▼▼▼

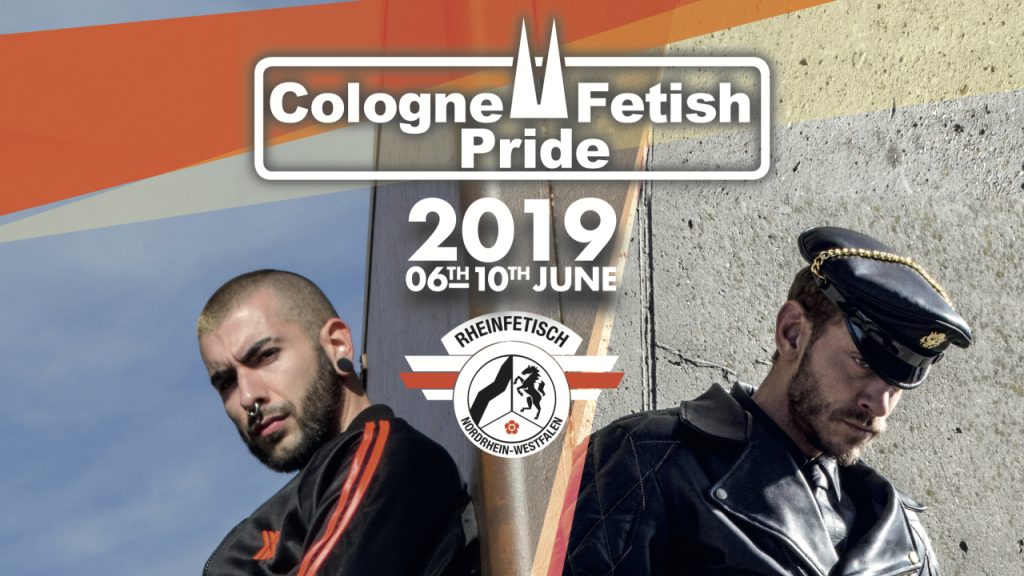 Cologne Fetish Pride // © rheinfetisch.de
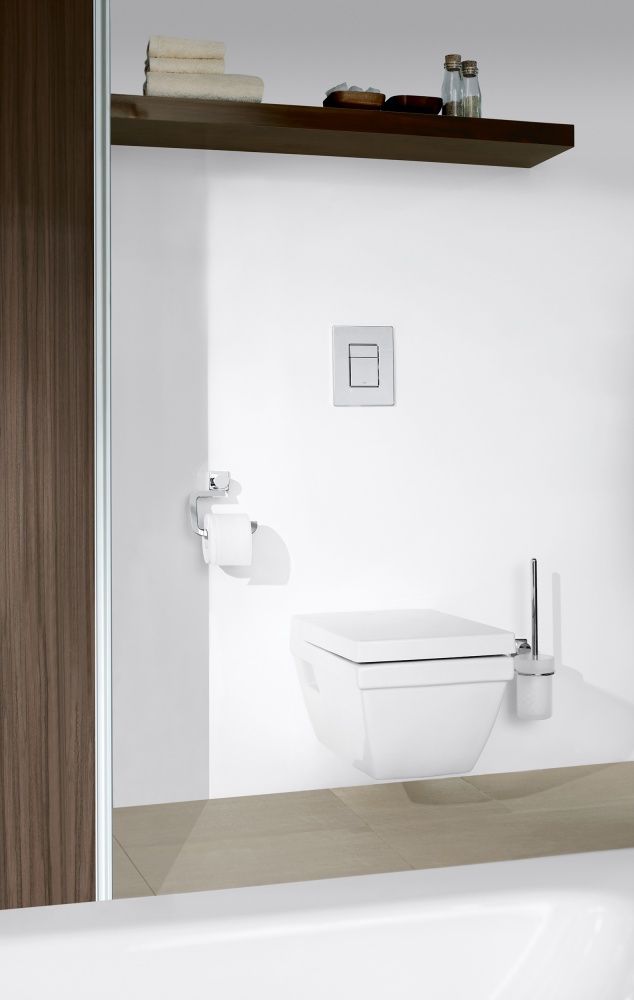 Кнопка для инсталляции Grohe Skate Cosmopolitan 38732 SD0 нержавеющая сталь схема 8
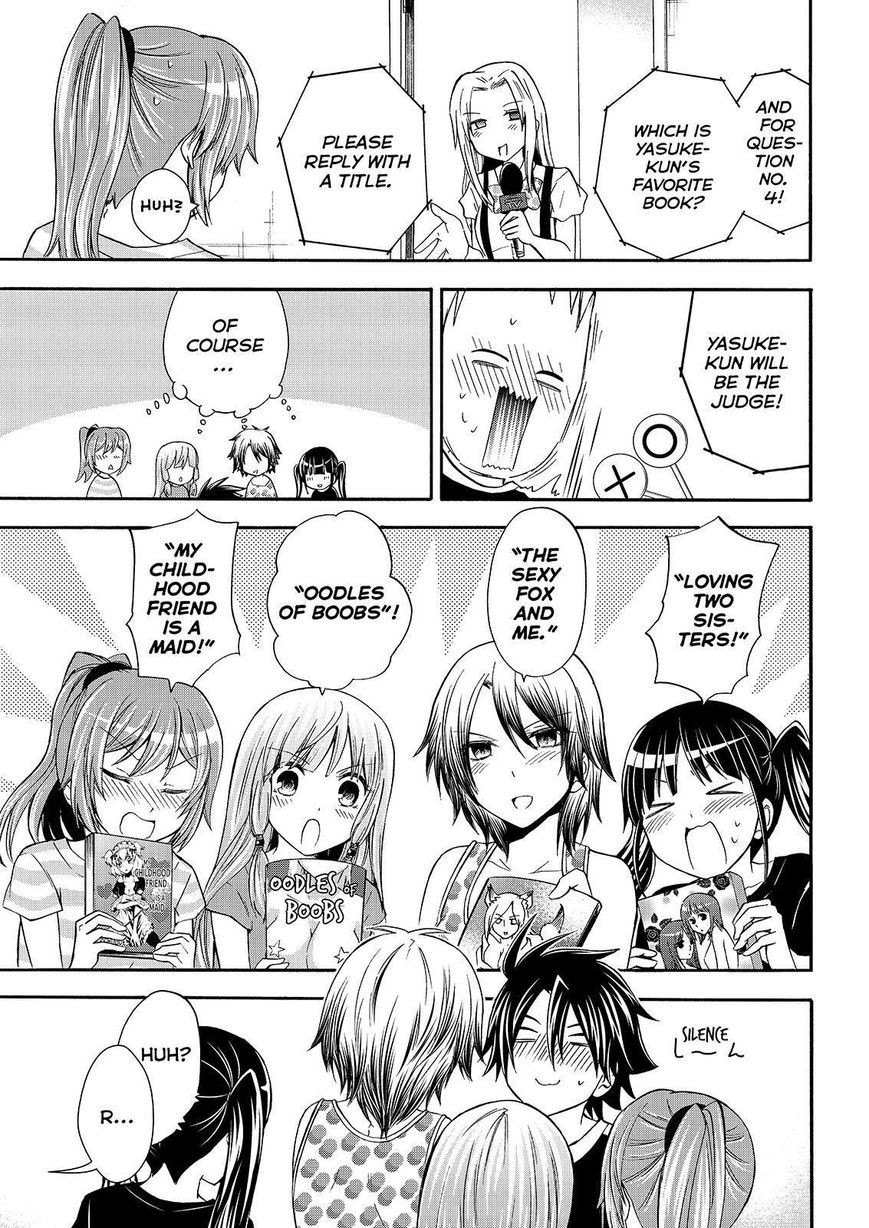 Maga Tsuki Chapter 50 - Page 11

▲▲▲

**Instructions for the task**
Once you find the line that contains "Кнопка для инсталляции", give it again along with every later line through the end of the data, word for word, minus the pictures.

**Solved problem**
 Кнопка для инсталляции Grohe Skate Cosmopolitan 38732 SD0 нержавеющая сталь схема 8
 Maga Tsuki Chapter 50 - Page 11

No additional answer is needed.